What RL algorithm should I try for a multi-agent card game?

Hello everyone,
I’m currently learning reinforcement learning (RL) and artificial intelligence (AI), and I’ve experimented with DQN and Double DQN in PyTorch.

I’m interested in implementing a multi-agent card game and would appreciate any advice on the best approach. Given that it’s an imperfect information game, I suspect simpler methods may not be effective.

I’ve developed a proof of concept with four Double DQN agents playing against each other. Each model is assigned a player and makes decisions based on the state, which includes counts of all card types on the table (13 values), counts of all card types in its hand (13 values), and additional game information.

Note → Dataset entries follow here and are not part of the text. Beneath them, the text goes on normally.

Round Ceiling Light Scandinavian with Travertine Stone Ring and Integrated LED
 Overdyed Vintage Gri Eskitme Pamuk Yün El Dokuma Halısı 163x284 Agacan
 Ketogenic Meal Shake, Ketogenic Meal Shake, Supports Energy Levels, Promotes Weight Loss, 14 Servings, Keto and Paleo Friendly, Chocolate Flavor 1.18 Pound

Unfortunately, the agents haven’t learned much so far, so I’m exploring other options. You can check out the game here Presidents

Additionally, I’ve encountered a problem where the model often selects invalid actions, either because of insufficient cards of the chosen type or mismatches with the table.

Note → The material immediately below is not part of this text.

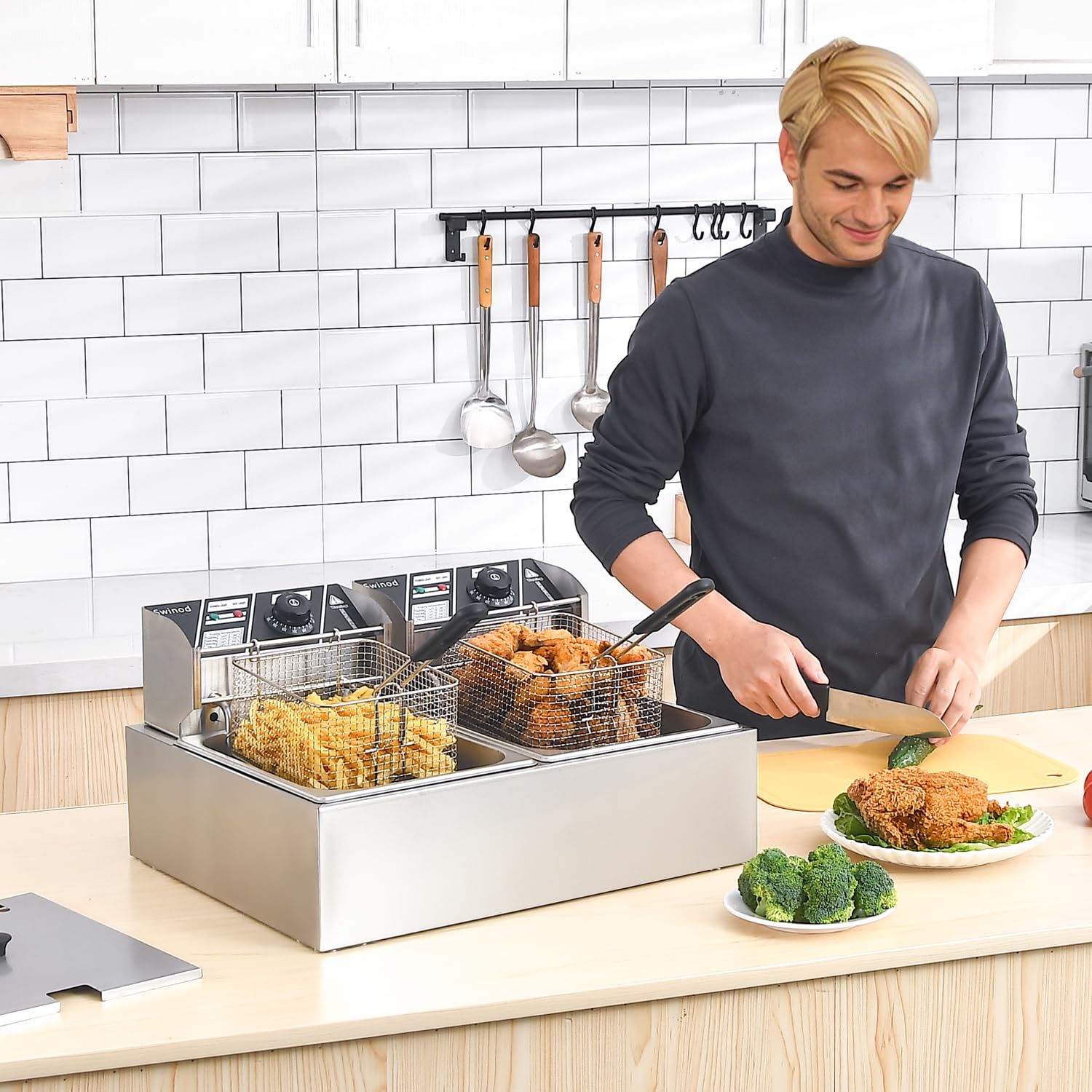 Commercial Deep Fryer with Baskets - 3400W 12.7QT/12L Stainless Steel Electric Oil Fryer with Temperature Control - Perfect for Restaurants, Food Trucks & Home Kitchen Use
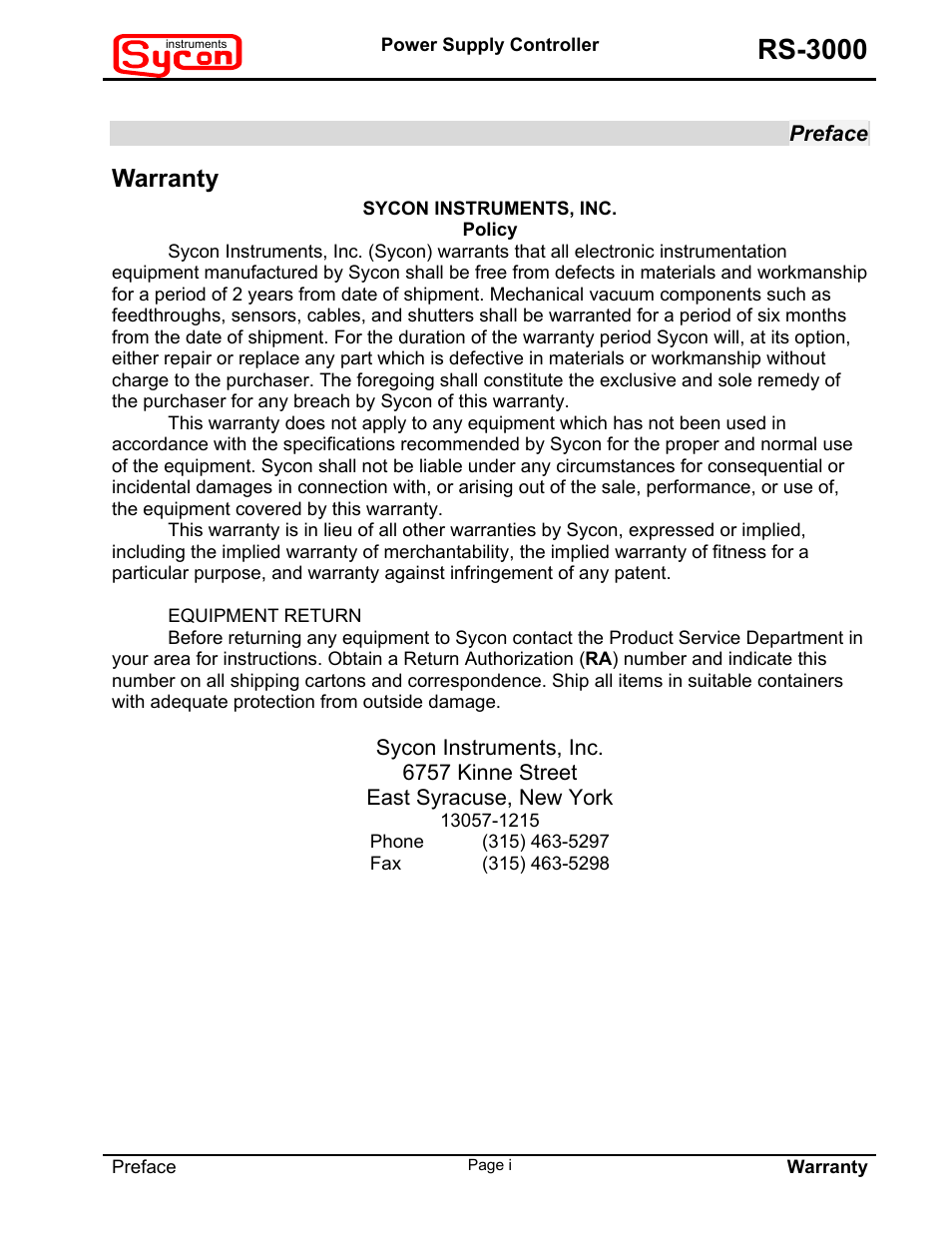 Preface, Warranty, Rs-3000 | INFICON RS-3000 Power Supply Controller User Manual | Page 2 / 26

Have you considered using policy gradient methods like PPO? From what I’ve heard, they are among the most reliable approaches.

Why use a separate agent for each player? In scenarios where all agents/players are engaging in the same game with identical observation and action spaces and have the same objectives, you can think of them as essentially identical. Self-play might be a more efficient approach than training N separate agents.

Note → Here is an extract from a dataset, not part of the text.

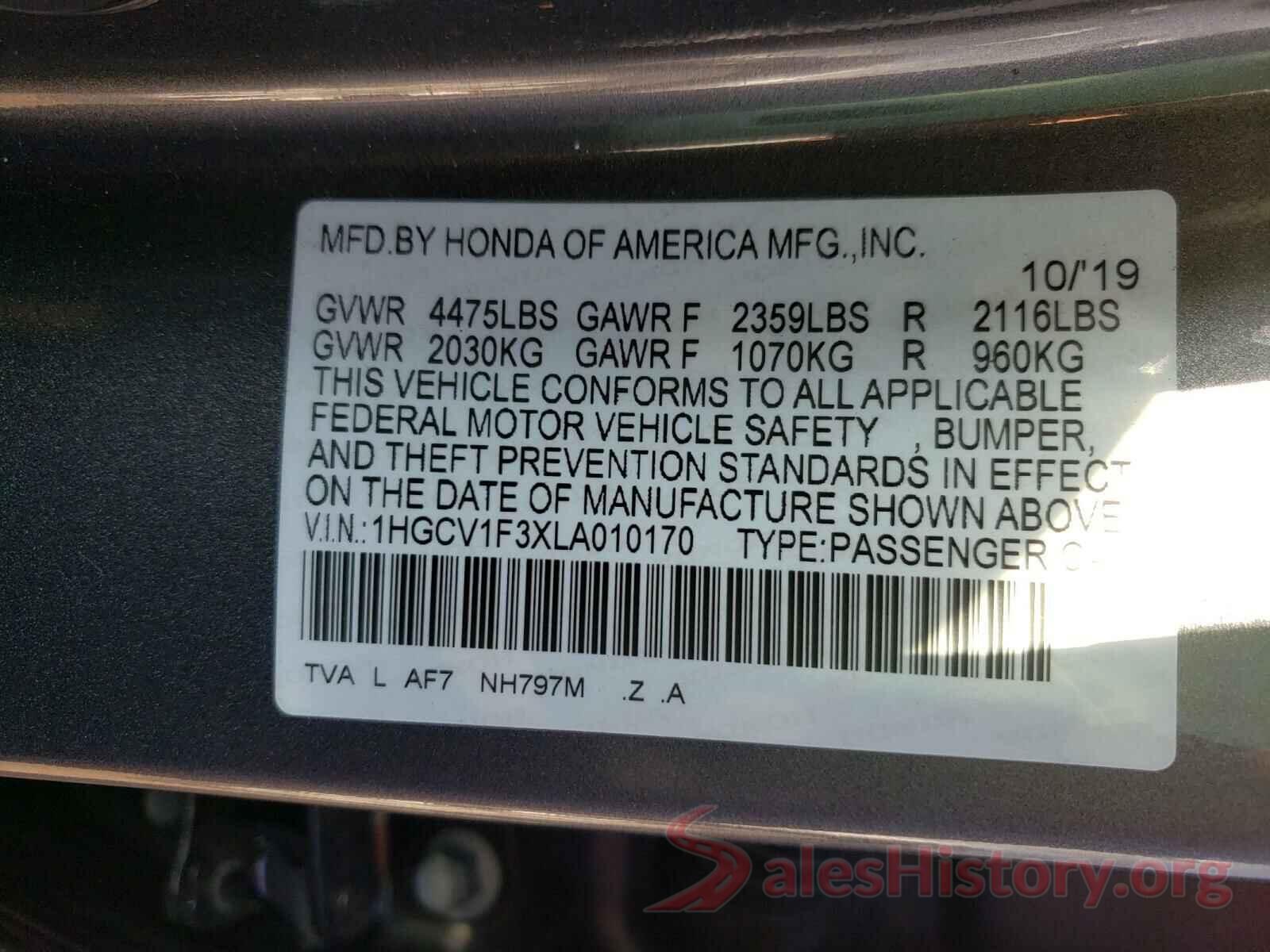 1HGCV1F3XLA010170 2020 HONDA ACCORD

Regarding algorithms, the choice may not be critical, but PPO is generally a reliable option.

I initially opted for multiple agents to introduce more diversity in the actions of other players, hoping it would help generalize to the game rather than focusing on a specific player. However, this may be unnecessary when using PPO.

If your agents are having trouble finding valid actions, you should consider masking invalid actions to simplify the underlying MDP and improve learning efficiency. This approach prevents unnecessary computation and, since the game rules are known, it’s not considered cheating.

If the game is similar to poker or other gambling types, you might consider using DeepCFR or other CFR (Counterfactual Regret Minimization) derivatives. CFR can be very memory and computationally intensive due to its reliance on complete tree parsing. The latest “Student of Games” from Google also combines DNN with CFR but employs partial tree parsing to address some of these challenges.